Though controversy over the identity of the original architect has long plagued the Biltmore, the architect of record is McArthur, although he had never designed a building of this scale prior to this commission, nor did he ever equal the achievement afterward. While still on the job site, Wright was already rumored to be the hotel’s designer. Wright, at McArthur’s request, wrote a letter in 1930 stating, “Albert McArthur is the architect of that building—all attempts to take the credit for that performance from him are gratuitous and beside the mark. But for him Phoenix would have had nothing like the Biltmore, and it is my hope that he may be enabled to give Phoenix many more beautiful buildings as I believe him entirely capable of doing so.” Some years later, however, Wright wrote McArthur’s widow, saying, “I have always given Albert’s name as architect…and always will. But I know better and so should you.” Although Olgivanna Wright felt her husband had done most of the design for the Biltmore, Warren McArthur III, Albert’s nephew, has emphatically stated in print that Wright made little contribution. After extensive study of Albert Chase McArthur’s letters, papers, and drawings relating to the Biltmore, architectural historian Bernard M. Boyle, concluded that Wright’s influence was only secondary, and likely came from the years McArthur worked for him. Through it all, the Arizona Biltmore has maintained its status as one of America’s great resorts in addition to its role as a catalyst for the development (and redevelopment) of Phoenix northeast of the original townsite.
References
Elmore, James W., FAIA, ed. A Guide to the Architecture of Metro Phoenix. Phoenix: Central Arizona Chapter American Institute of Architects, 1983.

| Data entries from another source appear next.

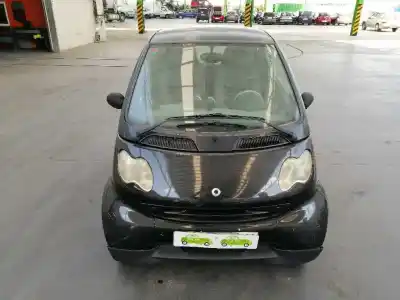 Здавання транспортного засобу smart coupe 0.8 cdi cat року 2003 потужний d61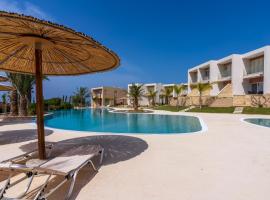 Modern Poolside villa at Paphos, khách sạn ở Chlorakas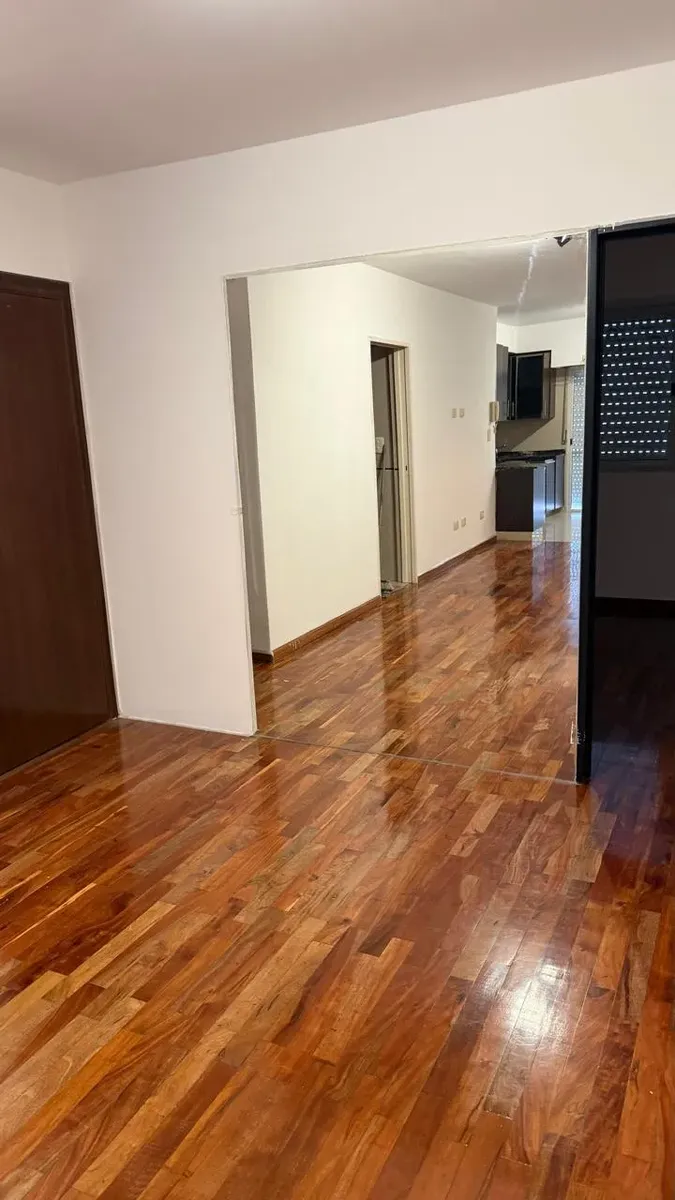 Квартира с 1 спальней и балконом в Villa Luro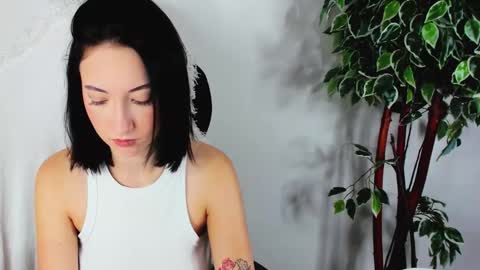 Snapshot of eileenmoores chatting on September 2025 06:02:02 AM eileenmoores online show from September 2025 06:02:02 AM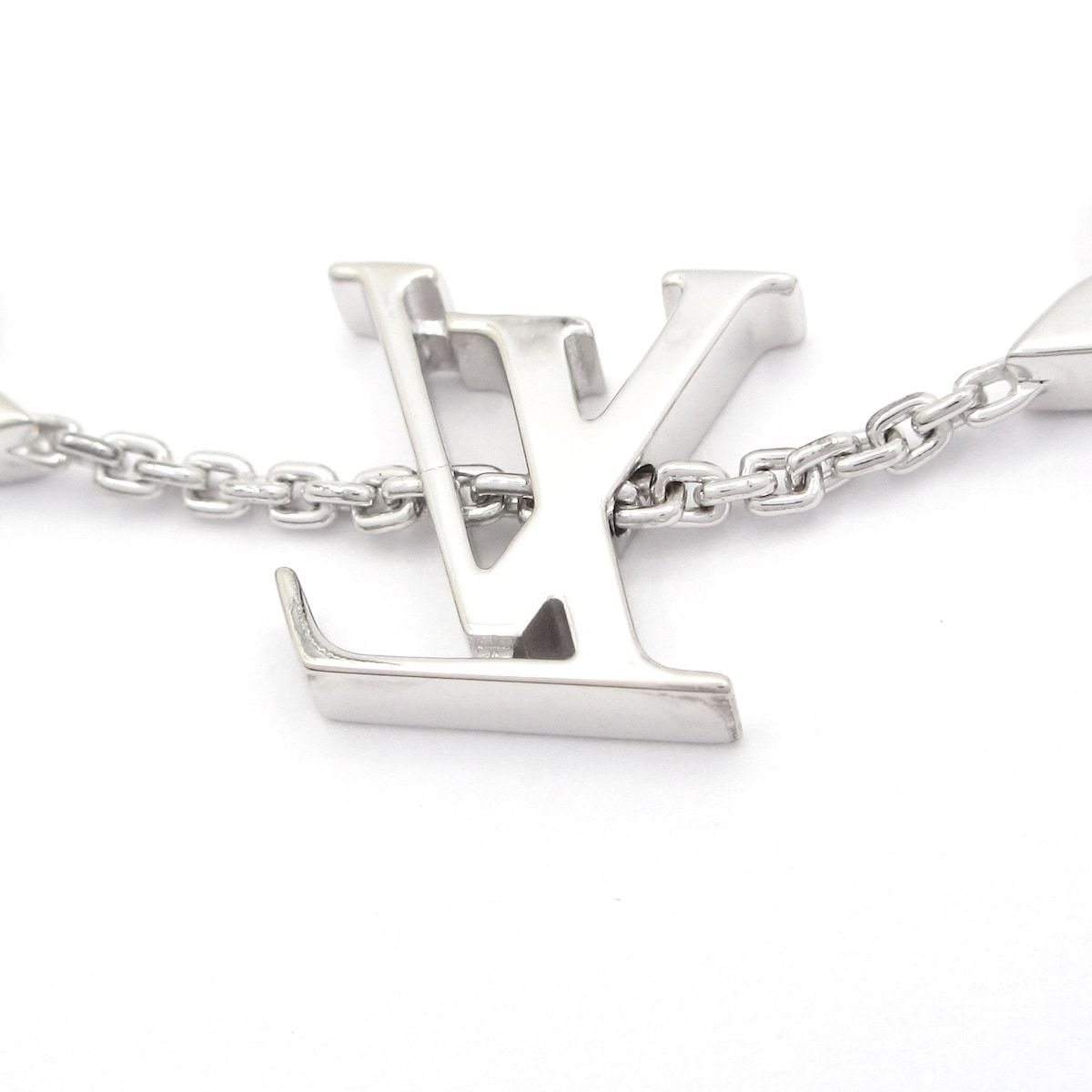 Louis Vuitton Bracelet Monogram 18k White Gold — view 3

Legler, Dixie, and Scot Zimmerman. Frank Lloyd Wright: The Western Work. San Francisco: Chronicle Books, 1999.
Miles, Candice St. Jacques. Arizona Biltmore: Jewel of the Desert. Phoenix: Arizona Biltmore, 1985.
Nilsen, Richard. “The Arizona Biltmore and the influence of Frank Lloyd Wright.” The Arizona Republic, July 19, 2011.
Patterson, Ann, and Mark Vinson. Landmark Buildings: Arizona’s Architectural Heritage. Phoenix: Arizona Highways, 2004.
Whiffen, Marcus, and Carla Breeze. Pueblo Deco: The Art Deco Architecture of the Southwest. Albuquerque: University of New Mexico Press, 1984.